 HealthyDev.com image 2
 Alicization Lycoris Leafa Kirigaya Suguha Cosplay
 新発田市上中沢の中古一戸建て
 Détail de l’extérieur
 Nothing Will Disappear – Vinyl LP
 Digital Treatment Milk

══════════════════════════════

What is being asked
Every record should be repeated exactly; please leave none out.

Result for this exercise
 HealthyDev.com image 2
 Alicization Lycoris Leafa Kirigaya Suguha Cosplay
 新発田市上中沢の中古一戸建て
 Détail de l’extérieur
 Nothing Will Disappear – Vinyl LP
 Digital Treatment Milk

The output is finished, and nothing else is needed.